▶ **WHAT THE EXERCISE ASKS**
There is material below. Print exactly the lines starting at the line with "2400 W 86th Ter, Leawood, KS 66206 | Zillow" and ending at the line with "Button necklace - Ice Queen", ends included, and no others.

▶ **PROVIDED INFORMATION**

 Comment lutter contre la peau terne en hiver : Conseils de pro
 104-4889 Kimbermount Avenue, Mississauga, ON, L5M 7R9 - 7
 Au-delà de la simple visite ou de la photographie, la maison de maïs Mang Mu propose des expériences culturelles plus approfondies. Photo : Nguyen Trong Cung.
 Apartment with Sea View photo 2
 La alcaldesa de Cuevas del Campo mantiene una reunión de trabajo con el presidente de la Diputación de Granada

...

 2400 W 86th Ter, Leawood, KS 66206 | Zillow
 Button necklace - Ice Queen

==

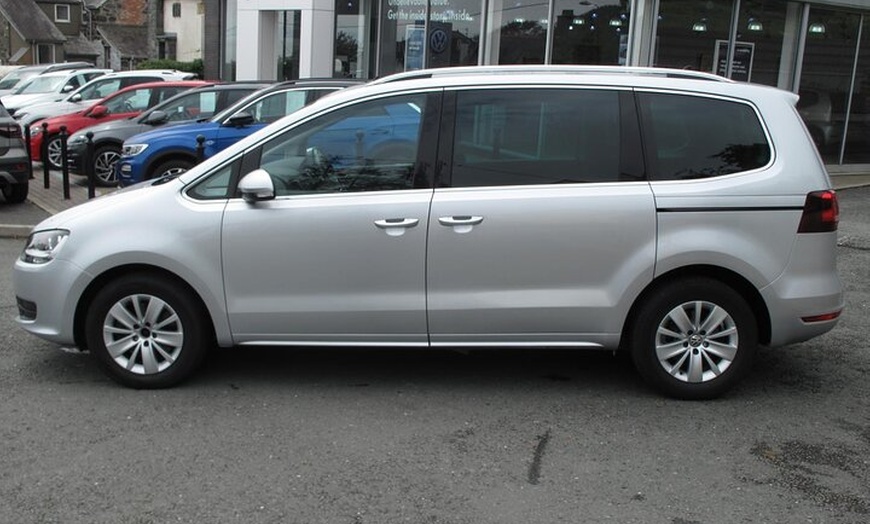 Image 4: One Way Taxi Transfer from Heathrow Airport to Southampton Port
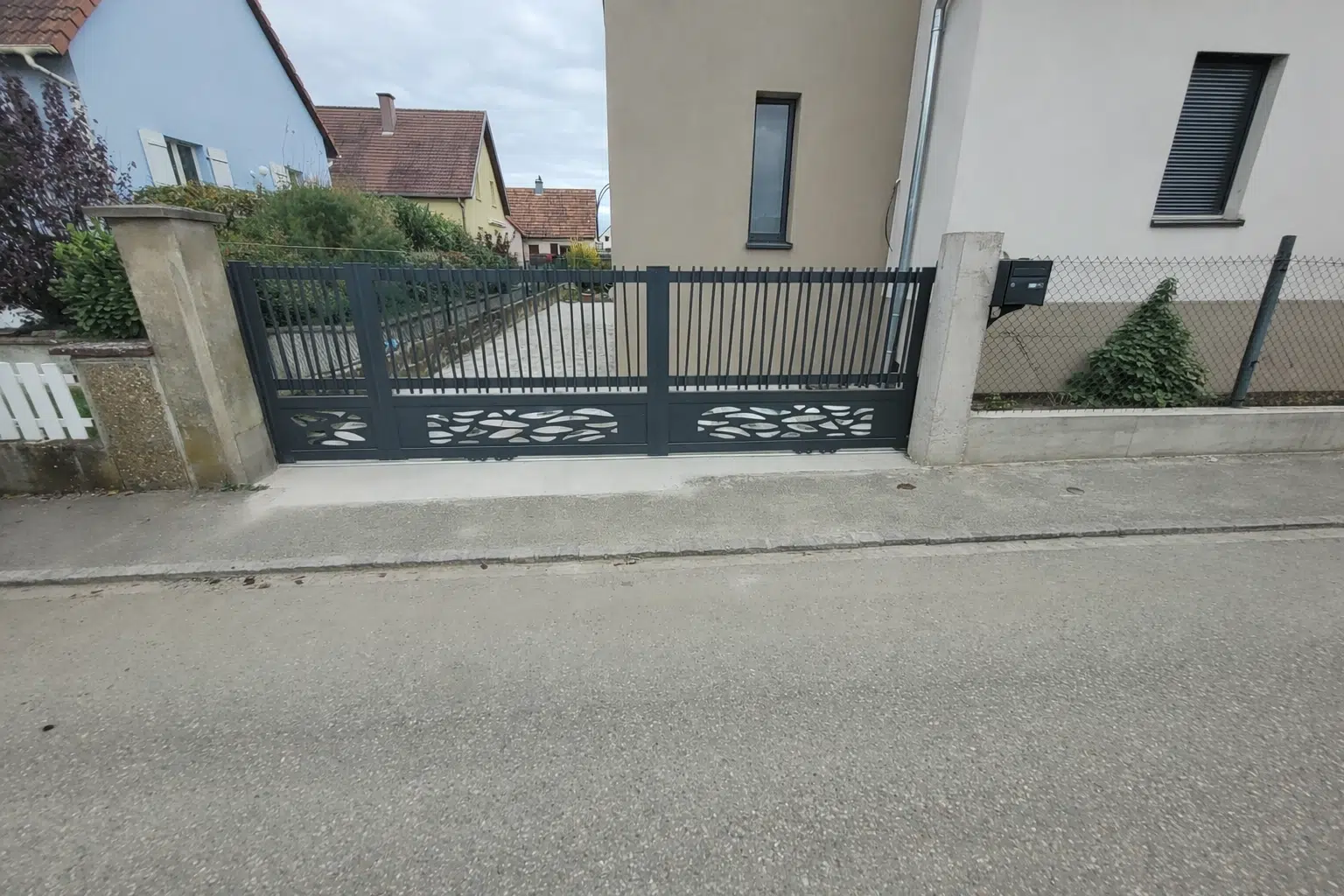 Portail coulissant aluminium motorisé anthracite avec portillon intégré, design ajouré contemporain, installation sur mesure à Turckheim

▶ **RESULT**
 2400 W 86th Ter, Leawood, KS 66206 | Zillow
 Button necklace - Ice Queen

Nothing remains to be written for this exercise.